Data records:
= = =

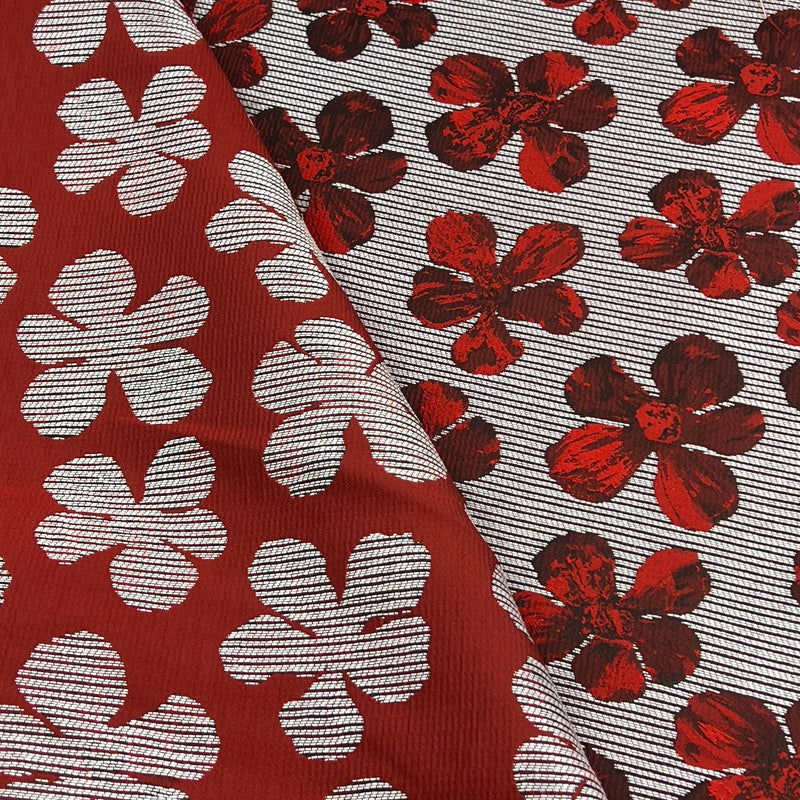 Two close-up views of a patterned fabric. One side shows a deep red background with large white floral motifs, and the other shows a light gray striped background with smaller red floral motifs.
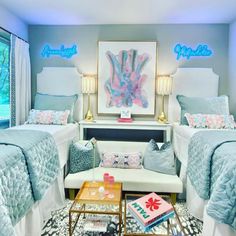 two beds in a room with blue and pink decor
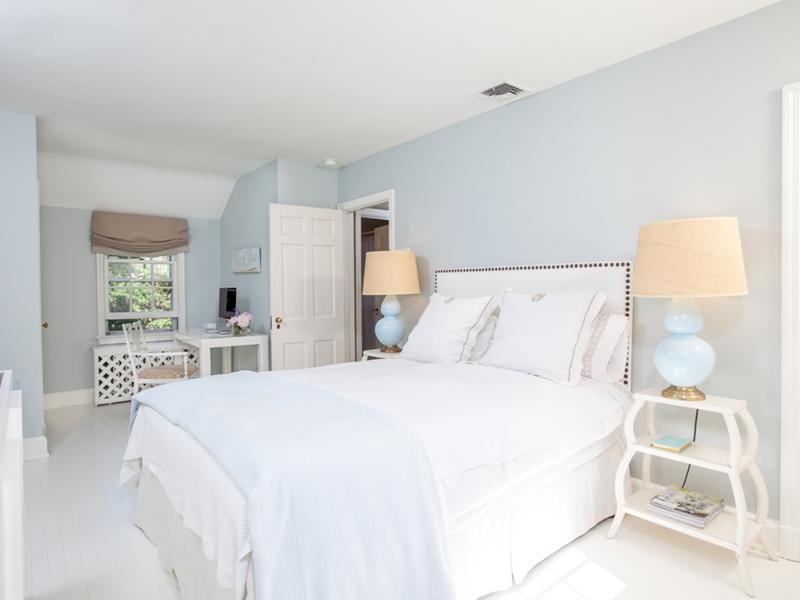 15 Abbey Road Darien, CT 06820 - Photo 10 of 18 a bedroom with a bed and a large mirror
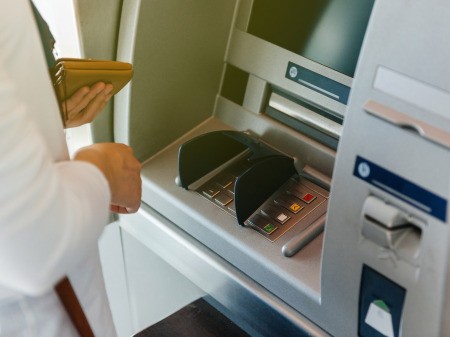A person using an ATM at a bank.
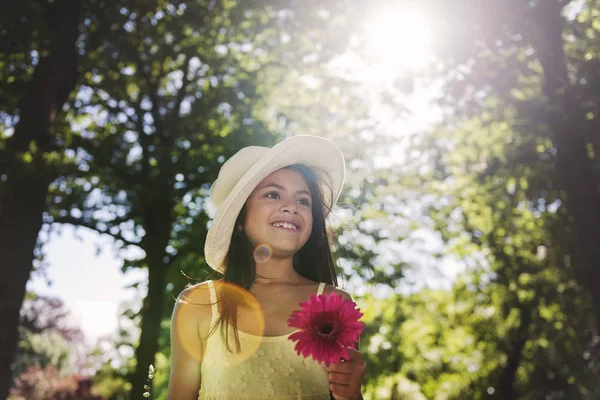 Chica en sombrero sosteniendo flor — Foto de Stock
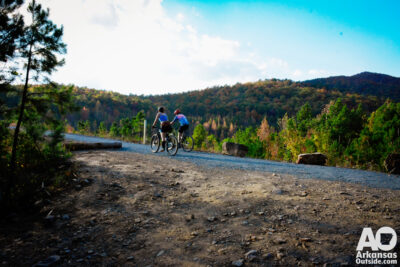 Riders heading across the dam from the trailhead.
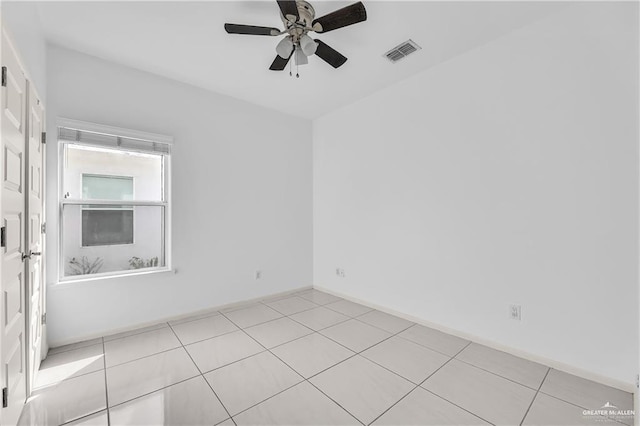 spare room with ceiling fan and light tile patterned flooring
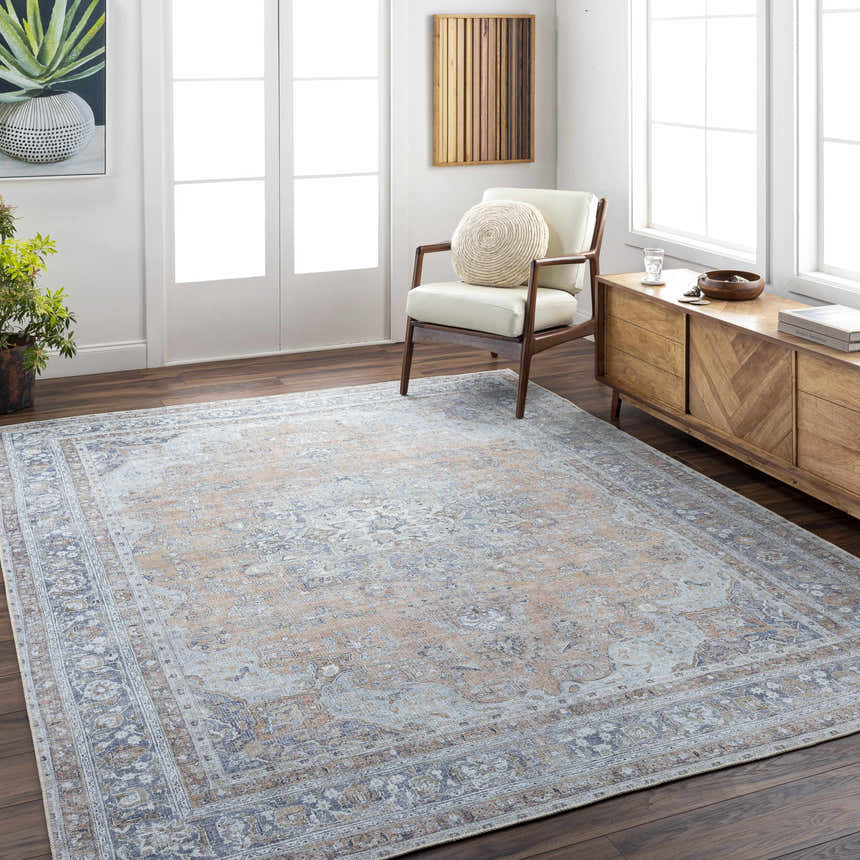Living room scene with a beige and blue Mianay Washable Area Rug, wood floors, white walls, and mid-century modern furniture. Roomscene-Rectangle
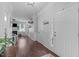 Bright foyer with hardwood floors and an open view to the living room at 2705 Evanston Ave, Durham, NC 27703
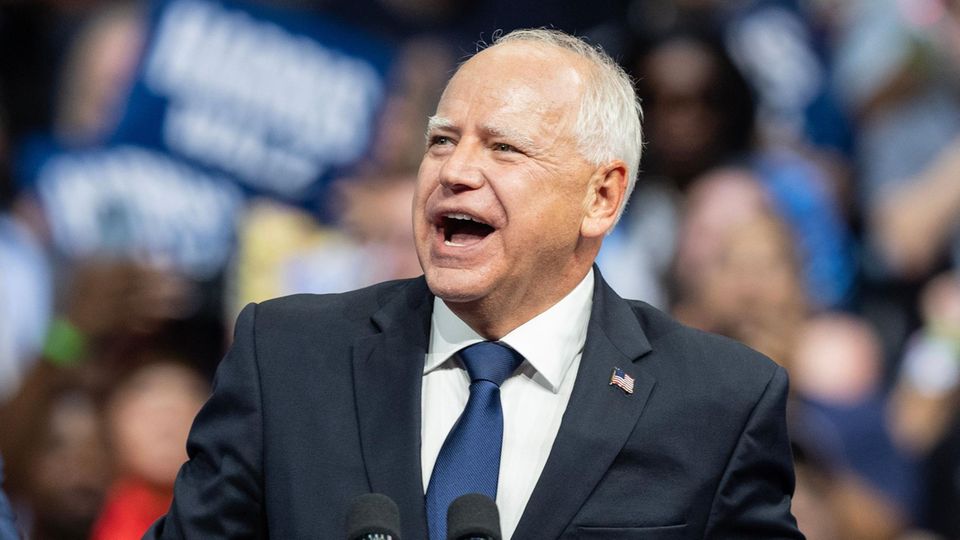 Tim Walz steht auf einem Podium.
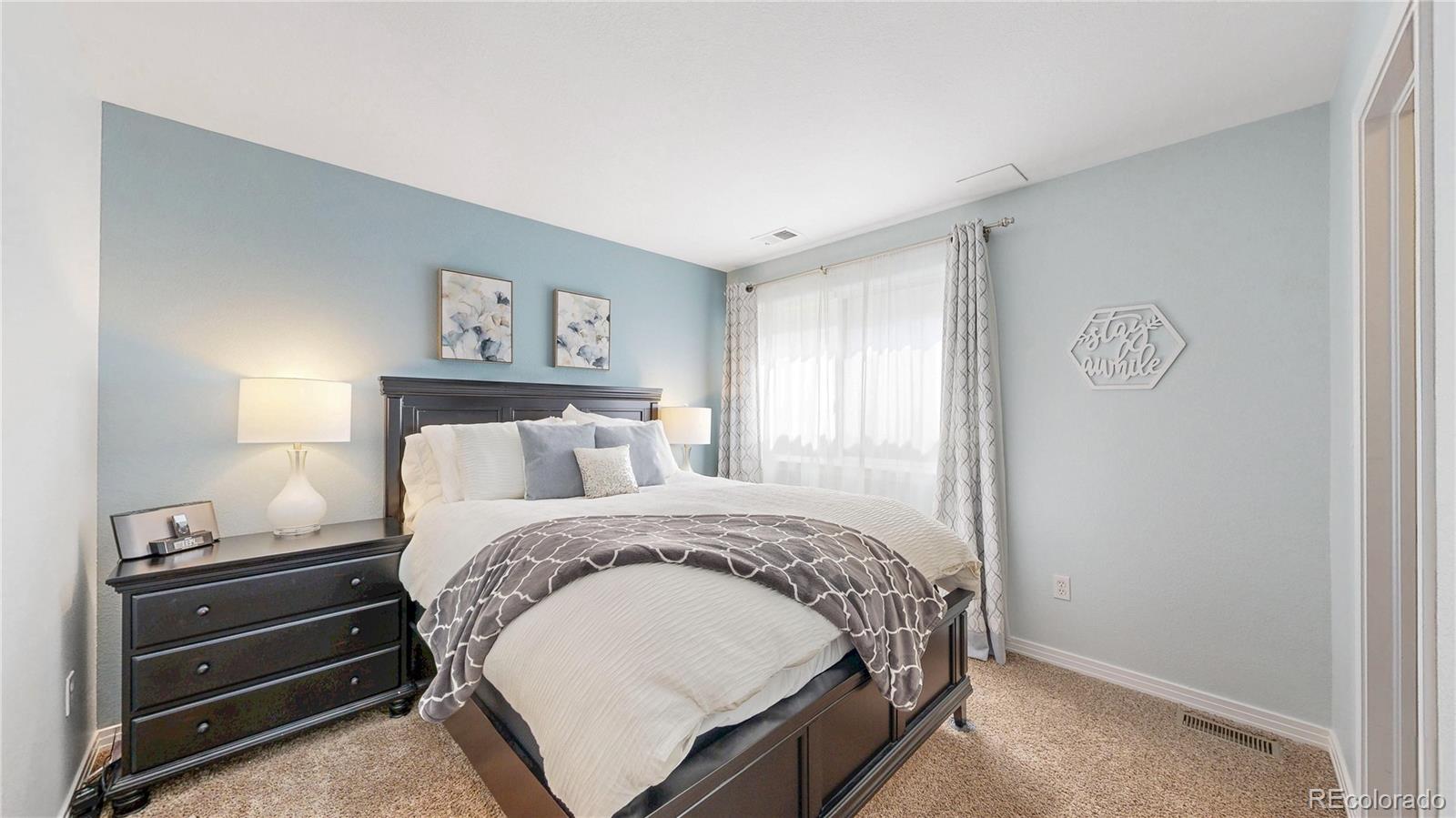 3401 West 111th Loop, Unit B Westminster, CO 80031 - Photo 25 of 40 a bed room with a bed and a window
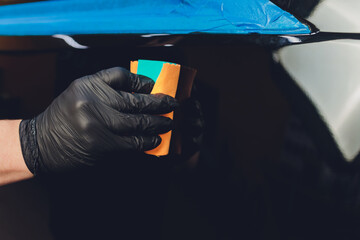 Car detailing - Man applies nano protective coating to the car. Selective focus.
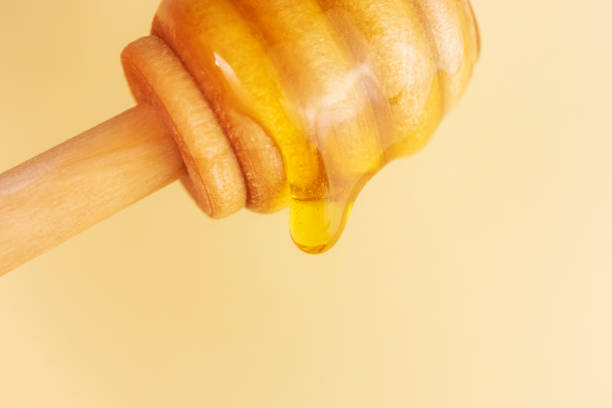 istock A drop of honey flows down from a wooden spoon 1291176798
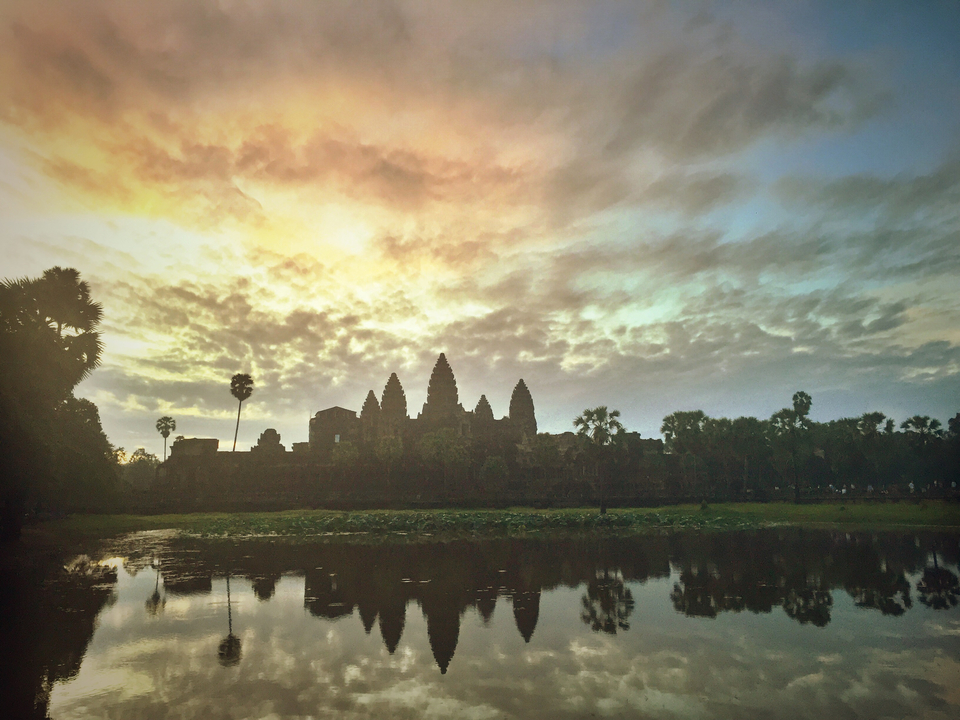 Scenic view of Angkor Wat at sunrise with reflection.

= = =

**Your instructions**
Set every record down again verbatim, without pictures.

**Expected answer**
 Two close-up views of a patterned fabric. One side shows a deep red background with large white floral motifs, and the other shows a light gray striped background with smaller red floral motifs.
 two beds in a room with blue and pink decor
 15 Abbey Road Darien, CT 06820 - Photo 10 of 18 a bedroom with a bed and a large mirror
A person using an ATM at a bank.
 Chica en sombrero sosteniendo flor — Foto de Stock
 Riders heading across the dam from the trailhead.
 spare room with ceiling fan and light tile patterned flooring
Living room scene with a beige and blue Mianay Washable Area Rug, wood floors, white walls, and mid-century modern furniture. Roomscene-Rectangle
 Bright foyer with hardwood floors and an open view to the living room at 2705 Evanston Ave, Durham, NC 27703
 Tim Walz steht auf einem Podium.
 3401 West 111th Loop, Unit B Westminster, CO 80031 - Photo 25 of 40 a bed room with a bed and a window
 Car detailing - Man applies nano protective coating to the car. Selective focus.
 istock A drop of honey flows down from a wooden spoon 1291176798
 Scenic view of Angkor Wat at sunrise with reflection.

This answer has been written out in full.